Shelley – thank you. I think you may be spam, but seeing as you are so polite, I’ll let you stay. Verbivore – and I was just leaving messages on your blog saying you needed a more lightweight read! I’d love to know what you think of this if you get hold of it. Stefanie – surely there must be other good domestic writers? I suppose Anne Tyler and Alison Lurie spring to mind, but there must be others. It’s a bit of a cheat comparing 19th and 20th century books, but then, not much has changed in some areas! 🙂 Boxofbooks – my sentiments exactly, re Austen. It was a fun, well-written book this one, and I’d certainly recommend the author. Becca – it was your recommendation that put me onto this book, in fact (not for the first or last time!) and I enjoyed it very much. I know just what you mean about wanting to shake Polly, and yes, I think that self-denial thing has carried on unmodified into my generation (our generation?) too. Some things are very hard to change. Dorothy – you couldn’t exactly miss it in this novel 🙂 Just imagine if you took all the domestic out of literature – what would be left? No one in the 19th century, that’s for sure, and great chunks of the twentieth would disappear. Families are where great social, cultural and historical changes meltdown and get acted out in microcosm. I think that’s why they are perfect for literary representation.

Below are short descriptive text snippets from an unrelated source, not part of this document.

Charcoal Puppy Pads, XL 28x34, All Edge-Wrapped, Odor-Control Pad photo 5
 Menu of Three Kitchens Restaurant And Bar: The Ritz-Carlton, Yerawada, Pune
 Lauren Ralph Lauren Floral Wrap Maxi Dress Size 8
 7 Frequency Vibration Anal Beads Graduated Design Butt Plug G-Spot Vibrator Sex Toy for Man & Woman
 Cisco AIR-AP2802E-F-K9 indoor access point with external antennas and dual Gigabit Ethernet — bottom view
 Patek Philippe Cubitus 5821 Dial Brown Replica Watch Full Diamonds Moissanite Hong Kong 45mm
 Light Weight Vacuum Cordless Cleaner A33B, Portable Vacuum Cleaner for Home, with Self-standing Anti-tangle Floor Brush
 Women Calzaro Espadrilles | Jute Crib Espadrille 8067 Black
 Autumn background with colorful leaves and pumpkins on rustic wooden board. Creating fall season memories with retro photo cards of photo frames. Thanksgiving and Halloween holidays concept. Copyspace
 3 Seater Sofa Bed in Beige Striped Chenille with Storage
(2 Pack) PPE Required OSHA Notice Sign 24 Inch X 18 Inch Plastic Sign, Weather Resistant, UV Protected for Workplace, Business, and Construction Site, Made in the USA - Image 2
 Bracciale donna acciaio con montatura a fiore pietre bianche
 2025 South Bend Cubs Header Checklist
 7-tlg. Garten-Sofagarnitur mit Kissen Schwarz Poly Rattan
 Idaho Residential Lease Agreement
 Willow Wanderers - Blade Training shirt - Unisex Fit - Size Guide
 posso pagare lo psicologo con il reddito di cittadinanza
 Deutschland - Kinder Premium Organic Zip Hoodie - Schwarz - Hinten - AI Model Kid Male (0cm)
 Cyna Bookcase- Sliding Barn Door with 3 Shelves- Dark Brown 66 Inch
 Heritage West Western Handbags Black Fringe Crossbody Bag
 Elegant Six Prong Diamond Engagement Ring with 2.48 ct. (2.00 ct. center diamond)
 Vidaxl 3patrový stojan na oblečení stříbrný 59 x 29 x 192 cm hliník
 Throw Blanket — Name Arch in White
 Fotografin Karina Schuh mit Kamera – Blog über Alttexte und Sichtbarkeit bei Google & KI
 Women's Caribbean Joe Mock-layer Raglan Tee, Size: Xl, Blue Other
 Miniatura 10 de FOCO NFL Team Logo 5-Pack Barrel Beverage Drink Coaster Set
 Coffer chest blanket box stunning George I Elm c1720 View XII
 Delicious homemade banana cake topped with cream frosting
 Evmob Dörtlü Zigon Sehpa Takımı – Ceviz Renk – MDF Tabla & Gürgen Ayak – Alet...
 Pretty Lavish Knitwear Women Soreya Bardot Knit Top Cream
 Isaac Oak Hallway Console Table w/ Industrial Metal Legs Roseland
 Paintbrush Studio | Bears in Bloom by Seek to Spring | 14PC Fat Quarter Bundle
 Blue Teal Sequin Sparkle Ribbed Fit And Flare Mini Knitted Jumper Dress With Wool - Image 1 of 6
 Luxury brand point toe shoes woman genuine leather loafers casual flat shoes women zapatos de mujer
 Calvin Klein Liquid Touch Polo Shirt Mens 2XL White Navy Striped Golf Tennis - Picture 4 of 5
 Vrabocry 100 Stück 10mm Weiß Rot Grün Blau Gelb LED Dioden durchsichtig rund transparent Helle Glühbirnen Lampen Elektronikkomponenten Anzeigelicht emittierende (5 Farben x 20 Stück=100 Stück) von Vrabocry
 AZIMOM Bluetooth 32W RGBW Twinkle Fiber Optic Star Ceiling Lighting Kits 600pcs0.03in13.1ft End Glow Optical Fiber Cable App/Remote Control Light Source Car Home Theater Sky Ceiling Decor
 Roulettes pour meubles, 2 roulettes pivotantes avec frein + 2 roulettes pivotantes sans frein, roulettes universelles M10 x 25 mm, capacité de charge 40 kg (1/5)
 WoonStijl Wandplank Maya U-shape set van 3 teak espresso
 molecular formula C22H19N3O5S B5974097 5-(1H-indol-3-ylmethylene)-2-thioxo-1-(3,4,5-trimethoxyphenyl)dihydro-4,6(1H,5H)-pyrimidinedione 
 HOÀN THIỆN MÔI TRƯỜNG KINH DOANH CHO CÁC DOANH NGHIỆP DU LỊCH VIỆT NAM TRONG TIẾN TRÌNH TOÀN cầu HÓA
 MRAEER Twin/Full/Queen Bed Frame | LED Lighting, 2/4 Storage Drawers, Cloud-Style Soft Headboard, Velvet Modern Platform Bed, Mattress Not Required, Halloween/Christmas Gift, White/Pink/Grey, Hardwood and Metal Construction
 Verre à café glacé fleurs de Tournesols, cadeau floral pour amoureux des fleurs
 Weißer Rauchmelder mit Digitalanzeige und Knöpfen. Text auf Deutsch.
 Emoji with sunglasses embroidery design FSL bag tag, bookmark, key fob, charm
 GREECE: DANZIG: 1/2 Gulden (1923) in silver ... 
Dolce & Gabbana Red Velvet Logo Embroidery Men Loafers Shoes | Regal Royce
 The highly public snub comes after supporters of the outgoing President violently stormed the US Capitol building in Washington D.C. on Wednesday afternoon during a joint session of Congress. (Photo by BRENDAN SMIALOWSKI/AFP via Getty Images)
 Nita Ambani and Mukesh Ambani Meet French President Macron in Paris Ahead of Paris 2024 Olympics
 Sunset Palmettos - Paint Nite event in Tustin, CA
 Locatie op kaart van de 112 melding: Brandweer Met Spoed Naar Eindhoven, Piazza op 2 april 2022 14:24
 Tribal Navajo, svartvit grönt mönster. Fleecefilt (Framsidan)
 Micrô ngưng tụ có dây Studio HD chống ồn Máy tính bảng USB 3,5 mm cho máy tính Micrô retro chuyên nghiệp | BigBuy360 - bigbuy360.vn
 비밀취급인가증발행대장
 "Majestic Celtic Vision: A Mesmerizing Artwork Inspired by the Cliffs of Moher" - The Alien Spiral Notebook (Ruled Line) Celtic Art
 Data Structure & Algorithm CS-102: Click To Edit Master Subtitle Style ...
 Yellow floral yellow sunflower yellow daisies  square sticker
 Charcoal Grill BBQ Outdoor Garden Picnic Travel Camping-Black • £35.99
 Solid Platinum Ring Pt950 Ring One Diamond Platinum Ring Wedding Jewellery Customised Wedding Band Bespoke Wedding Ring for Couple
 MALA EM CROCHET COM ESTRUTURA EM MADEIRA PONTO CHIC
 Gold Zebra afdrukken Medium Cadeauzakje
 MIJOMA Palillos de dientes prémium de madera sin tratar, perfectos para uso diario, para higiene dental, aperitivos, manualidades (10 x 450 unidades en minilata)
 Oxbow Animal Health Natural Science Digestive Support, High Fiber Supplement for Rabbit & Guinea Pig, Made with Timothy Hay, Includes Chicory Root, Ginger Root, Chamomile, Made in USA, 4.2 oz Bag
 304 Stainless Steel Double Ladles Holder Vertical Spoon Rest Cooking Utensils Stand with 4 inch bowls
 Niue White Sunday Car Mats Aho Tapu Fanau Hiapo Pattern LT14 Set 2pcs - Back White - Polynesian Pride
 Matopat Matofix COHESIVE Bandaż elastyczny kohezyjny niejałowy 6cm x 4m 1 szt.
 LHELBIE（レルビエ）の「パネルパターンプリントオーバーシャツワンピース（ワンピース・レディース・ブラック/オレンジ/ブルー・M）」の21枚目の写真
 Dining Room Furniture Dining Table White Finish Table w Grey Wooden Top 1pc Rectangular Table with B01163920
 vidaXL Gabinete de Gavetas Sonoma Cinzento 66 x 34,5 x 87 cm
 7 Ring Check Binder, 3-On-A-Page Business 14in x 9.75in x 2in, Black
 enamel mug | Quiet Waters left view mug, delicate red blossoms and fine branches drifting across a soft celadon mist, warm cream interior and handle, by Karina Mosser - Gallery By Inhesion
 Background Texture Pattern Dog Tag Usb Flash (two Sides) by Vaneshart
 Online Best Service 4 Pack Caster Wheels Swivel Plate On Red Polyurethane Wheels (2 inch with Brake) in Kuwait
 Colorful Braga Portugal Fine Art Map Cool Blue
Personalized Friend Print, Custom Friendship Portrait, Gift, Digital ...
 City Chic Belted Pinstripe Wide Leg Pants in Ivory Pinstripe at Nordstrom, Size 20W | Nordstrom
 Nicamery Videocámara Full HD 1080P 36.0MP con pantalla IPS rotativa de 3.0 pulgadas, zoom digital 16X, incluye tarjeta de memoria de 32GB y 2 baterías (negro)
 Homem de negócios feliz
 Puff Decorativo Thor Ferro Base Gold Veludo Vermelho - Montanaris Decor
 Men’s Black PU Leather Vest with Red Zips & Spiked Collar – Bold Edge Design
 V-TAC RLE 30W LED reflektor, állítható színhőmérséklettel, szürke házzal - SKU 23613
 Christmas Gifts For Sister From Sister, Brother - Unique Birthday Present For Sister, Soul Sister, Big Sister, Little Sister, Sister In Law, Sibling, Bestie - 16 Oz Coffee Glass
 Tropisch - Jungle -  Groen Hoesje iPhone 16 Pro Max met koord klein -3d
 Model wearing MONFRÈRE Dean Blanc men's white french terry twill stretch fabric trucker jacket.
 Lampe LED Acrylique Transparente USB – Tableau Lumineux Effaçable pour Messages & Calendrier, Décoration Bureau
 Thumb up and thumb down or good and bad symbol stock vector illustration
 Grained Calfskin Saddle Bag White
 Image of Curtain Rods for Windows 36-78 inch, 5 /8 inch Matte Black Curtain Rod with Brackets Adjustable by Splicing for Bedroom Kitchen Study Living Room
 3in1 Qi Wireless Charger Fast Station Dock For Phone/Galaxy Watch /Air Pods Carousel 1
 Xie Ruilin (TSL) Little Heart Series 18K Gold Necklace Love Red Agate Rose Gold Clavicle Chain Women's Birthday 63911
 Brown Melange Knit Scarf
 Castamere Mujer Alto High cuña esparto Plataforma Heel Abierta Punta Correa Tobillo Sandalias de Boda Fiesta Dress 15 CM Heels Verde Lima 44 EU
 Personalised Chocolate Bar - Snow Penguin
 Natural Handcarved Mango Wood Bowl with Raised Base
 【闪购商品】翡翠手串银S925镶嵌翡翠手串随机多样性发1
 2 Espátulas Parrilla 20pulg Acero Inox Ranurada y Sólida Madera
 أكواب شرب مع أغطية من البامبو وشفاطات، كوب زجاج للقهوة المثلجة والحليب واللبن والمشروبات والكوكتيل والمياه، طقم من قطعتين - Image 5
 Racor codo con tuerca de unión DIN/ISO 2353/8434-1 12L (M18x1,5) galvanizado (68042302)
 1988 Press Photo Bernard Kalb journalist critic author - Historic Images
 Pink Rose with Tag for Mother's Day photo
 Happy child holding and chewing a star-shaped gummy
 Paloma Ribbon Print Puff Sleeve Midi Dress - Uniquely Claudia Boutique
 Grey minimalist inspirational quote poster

Laurie Colwin is one of my favorite authors, and I sometimes think of her as my private property 🙂 It’s wonderful to read such a great review of Family Happiness, which I think may be my favorite of hers (that, or Happy All the Time.) Thanks so much for this.
Very interesting reflection on adultery across cultures. And that’s such a good point about why “domestic” novels like this deserve to be taken seriously. The power of female self-denial also intrigues me. Thanks for the recommendation.
What a wonderful post and review. I adore Laurie Colwin’s writing – and was so saddened by her early death. I have every one of her novels … and your post has reminded me I should re-read them. She also wrote some amazing columns for Gourmet Magazine (I have those too!) and her two cookbooks – Home Cooking AND More Home Cooking – are among my favorites.
I haven’t read any of Laurie Colwin’s fiction, just her book _Home Cooking_, which I loved (and which was very inspiring in the kitchen), but you remind me that I must read her fiction. Sadly, do you think we’ll ever see a day when domestic fiction does not have Jane Austen’s name somewhere in the cover copy?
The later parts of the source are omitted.